**ACTION ITEM**
When copying the listing below, skip every picture and repeat exactly the lines from the first one through the line that contains "DIOR LA D DE".

*** DATA RECORDS ***

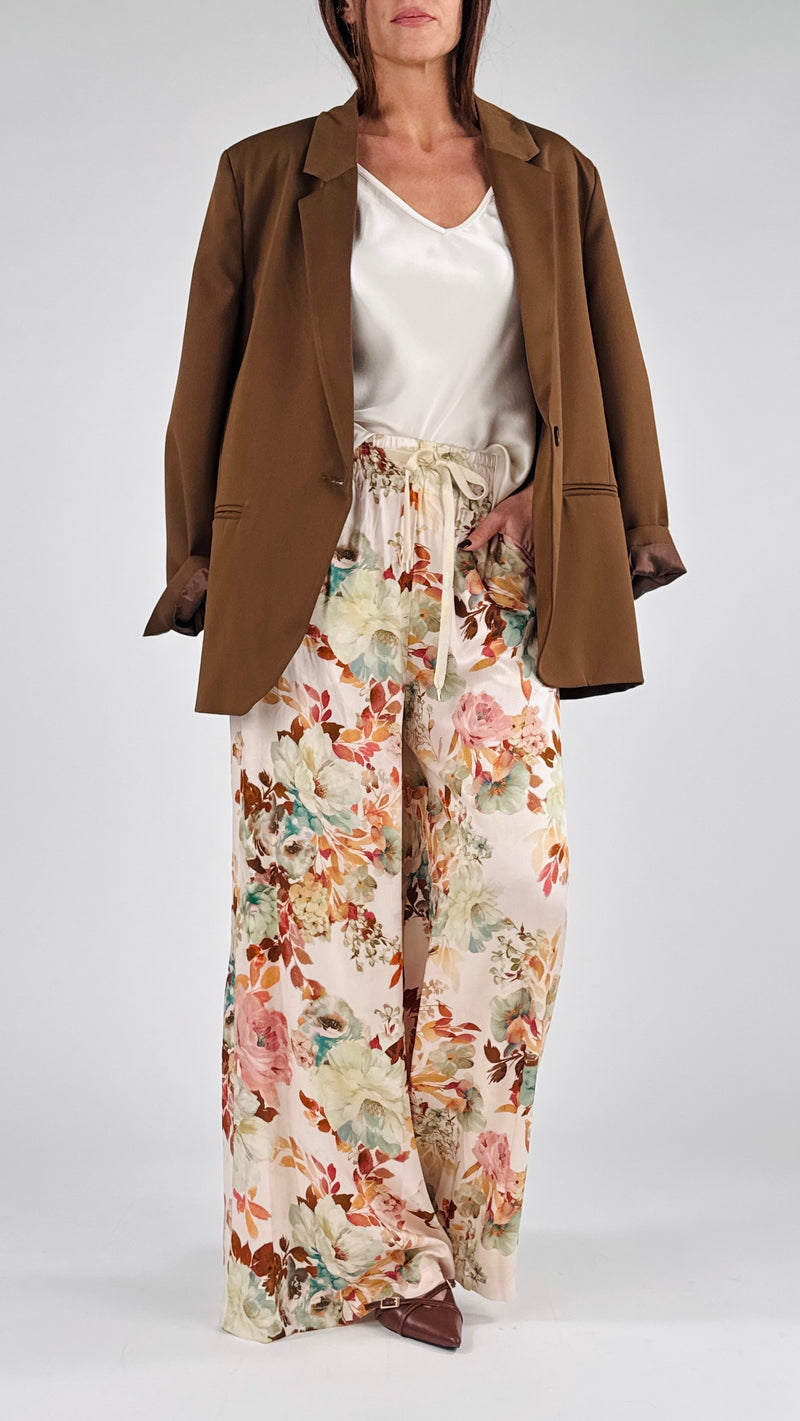 Pantalone gardenia T.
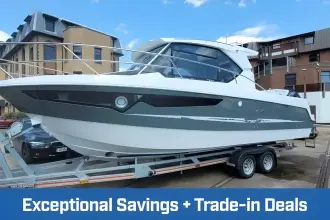 Thumbnail von Galeon Galia 750 HT Twin Engine and Bow Thruster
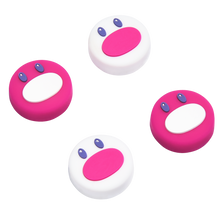 FUNLAB Switch Thumb Grips - Pink & White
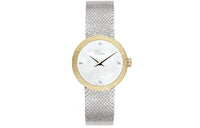 DIOR LA D DE DIOR Collection Wrist Watch Quartz Movement Stainless Steel Watchband 25mm White Dial Men's Watches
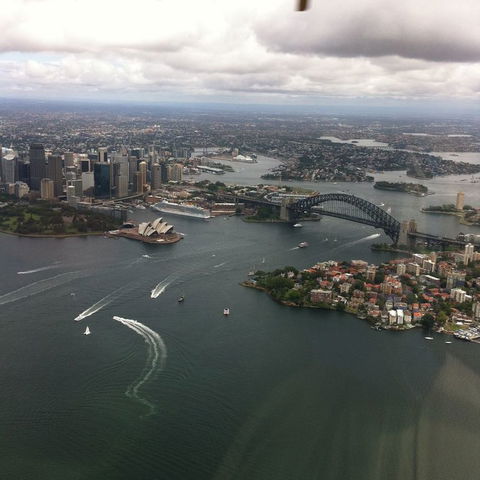 Private Tour: Sydney Helicopter Flight And Sydney Harbour Lunch - eAccommodation 3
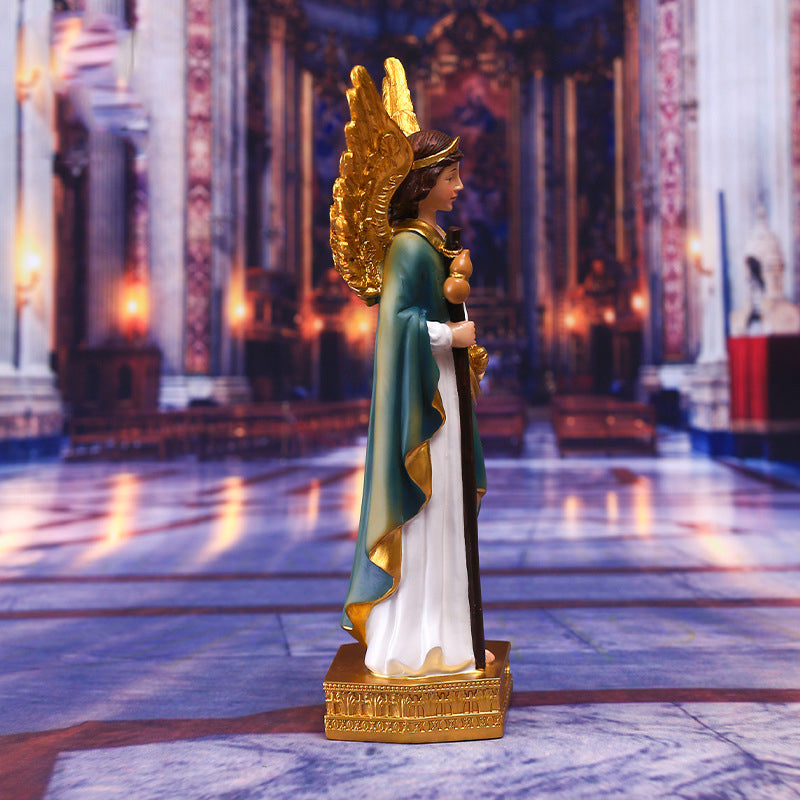 Saint Raphael the Archangel Statue - The patron saint of healing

*** End of DATA RECORDS ***

**ANSWER SECTION**
 Pantalone gardenia T.
 Thumbnail von Galeon Galia 750 HT Twin Engine and Bow Thruster
 FUNLAB Switch Thumb Grips - Pink & White
 DIOR LA D DE DIOR Collection Wrist Watch Quartz Movement Stainless Steel Watchband 25mm White Dial Men's Watches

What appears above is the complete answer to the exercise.